After the presidential pardon was pronounced, a major debate was launched by lawyers and specialists of criminal law on whether the State of law had been respected. Their stance was that the media had overruled two successive court decisions by influencing the public, who then pushed for the presidential pardon.

== Controversies ==

=== From the woman, guilty of murder to the wife, victim of abuses ===

After the Cour d'assises of first instance found Jacqueline Sauvage guilty of murder, French feminist associations such as Osez le Féminisme released information on Mrs Sauvage's past. These articles depicted a woman, trapped in an abusive relationship for 47 years, beaten, raped and whose three daughters were also raped. This information was meant to defend the thesis of Mrs Sauvage being a victim of domestic and sexual abuse, who acted to defend herself, instead of a cold-hearted murderer.
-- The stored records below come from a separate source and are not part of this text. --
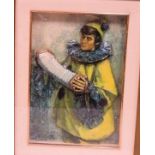 Decoupage picture of a clown painted in oils, 26cm x 18cm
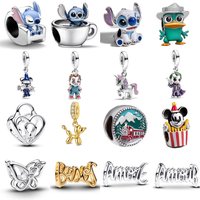New 925 Silver Fries Mouse Water Cup Dog Balloon Dog Pendant Fit European Original Bracelet DIY Accessories Exquisite Jewelry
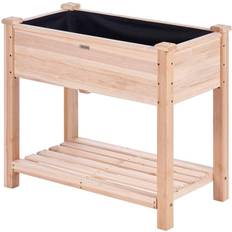 VEVOR Outdoor Planter Boxes VEVOR Raised Garden Bed 33.9 18.1 Wooden Planter Box with Hooks on the Side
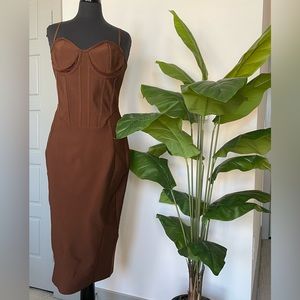 Plus Chocolate Brown Bandage Cut Out Underbust Strappy Midi Dress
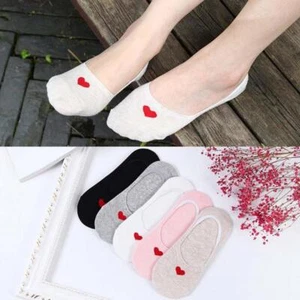 Women Socks Love Heart Cotton Invisible Shallow Mouth Boat Socks Non-slip Sock🎀 - Picture 1 of 17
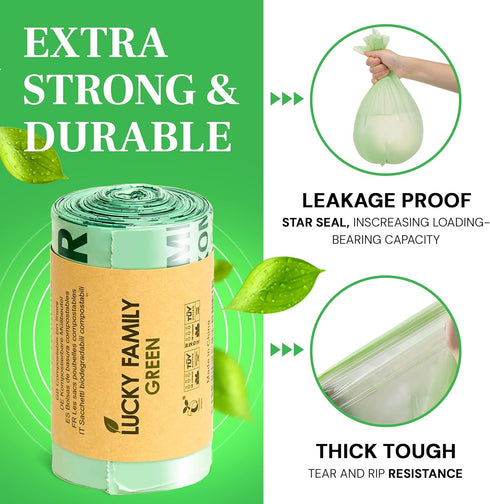 Lucky Family Green Compost Bags - 1.3 to 1.6 Gallon Kitchen Countertop Bin, 100% Compostable Trash Bags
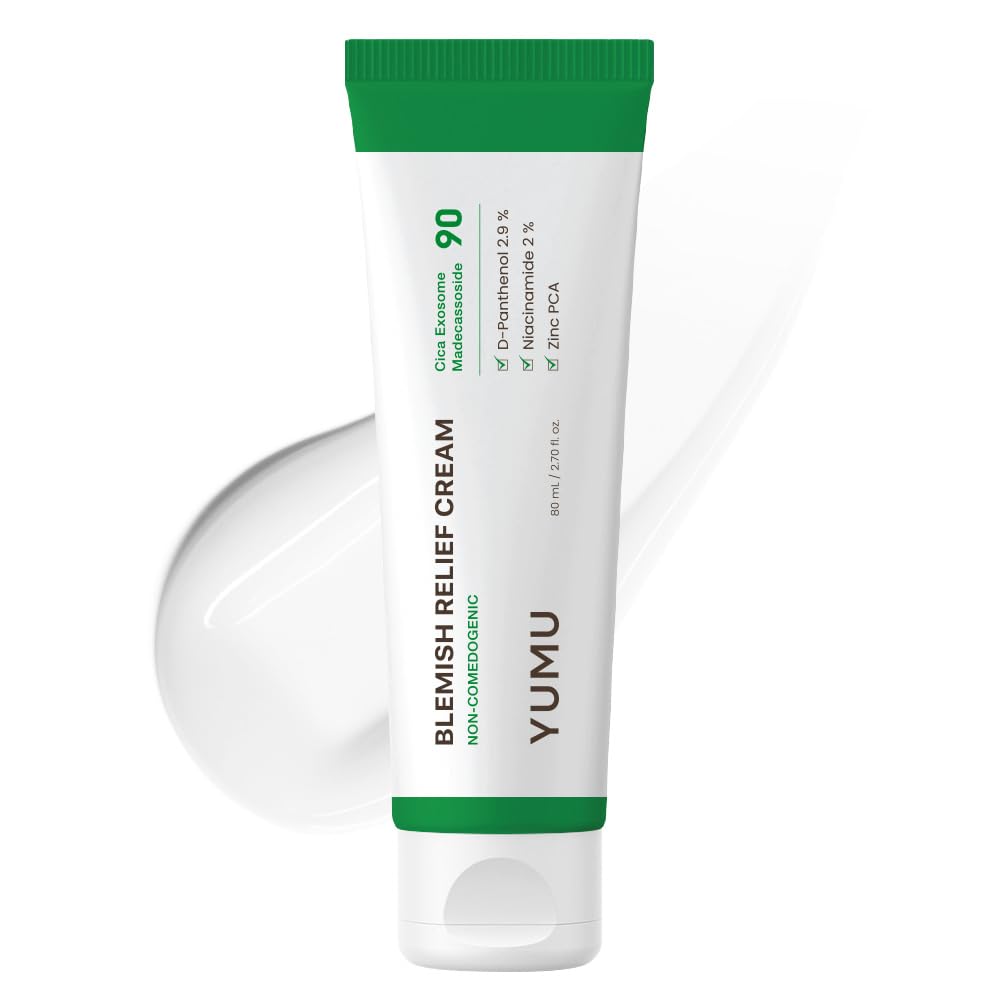 YUMU Cica Exosome Zinc Blemish Relief Cream – Lightweight Moisturizer for Sensitive, Acne-Prone Skin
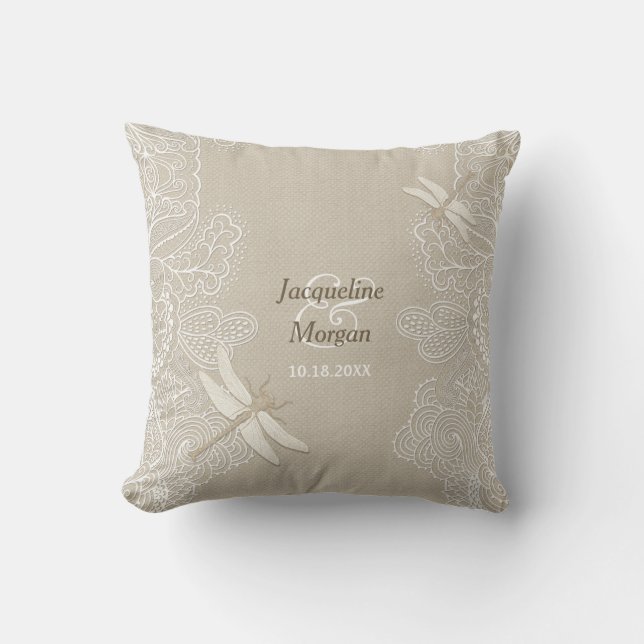 Cojín Decorativo Boda Rústico de Burlap y Lace Pillow - Personaliza (Anverso)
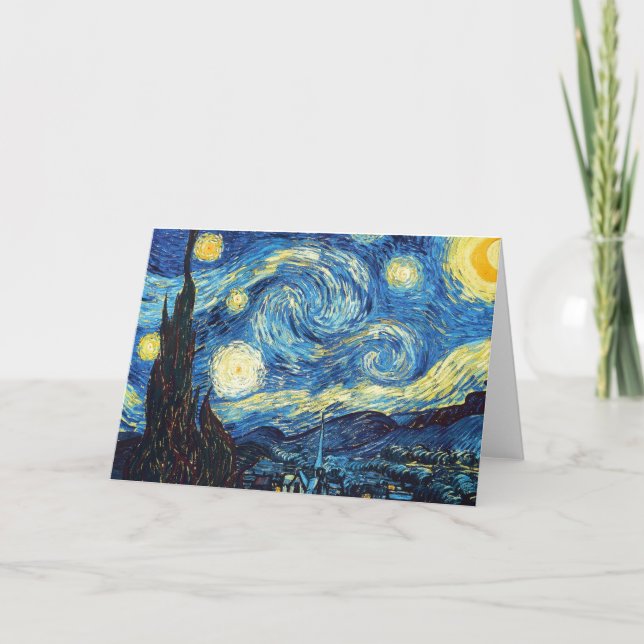 Van Gogh Starry Nattmappat gratulationskort Kort (Framsida)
This group also called for the definition of self-defence to be modified, as to include "female victims of violence".

In addition, other outlets reported failure by authorities to help the Sauvage family. When Jacqueline Sauvage tried to kill herself, the doctor did not ask why. When one of her daughters reported being raped by her father to police, the officer called the alleged perpetrator. It was also noted that an average of 223,000 women a year in France are abused by their husbands, and that 134 (on average) are killed by them.

=== Controversy on the royal power of the pardon ===

Régis de Castelnau, lawyer and author of the blog Vu du Droit (In Terms of Law) mentioned a "cult of the innocent guilty" created by the public opinion through the media, with only partial information given about the case. For him, public opinion was mobilised based on a story radically different from the one constituted by a regular and contradictory procedure. He considered the presidential pardon granted to Mrs Sauvage as an insult made to the independence of the judiciary, to the legal profession and to the Republic. This was backed-up by the lawyer Florence Rault, who denounced the media treatment on this case, first on her blog and later published by the Figarovox, saying there was a will to "promote a victimizing feminism and to affirm the impossibility of the existence of female violence". These opinions were a minority voice and do not incorporate the complexity of the case, as established by the judicial system itself.

In an article published by Le Figaro, the philosopher Robert Redeker also contested the pardon, which he considered to be "an insult to democracy motivated by a victimizing ideology". Another philosopher, Michel Onfray, questioned the relevance of the pardon, undermining multiple court decisions and potentially opening the way to self-defence and personal vendettas.

For Marie-Jane Ody, Secretary General of the Union Syndicale of Magistrates, the whole work done during the trial is being denied by the executive power which rules only according to a support committee. She asked for the removal of the presidential pardon, "survival of the royal power", considered incompatible with democracy and the idea of a fair and independent justice.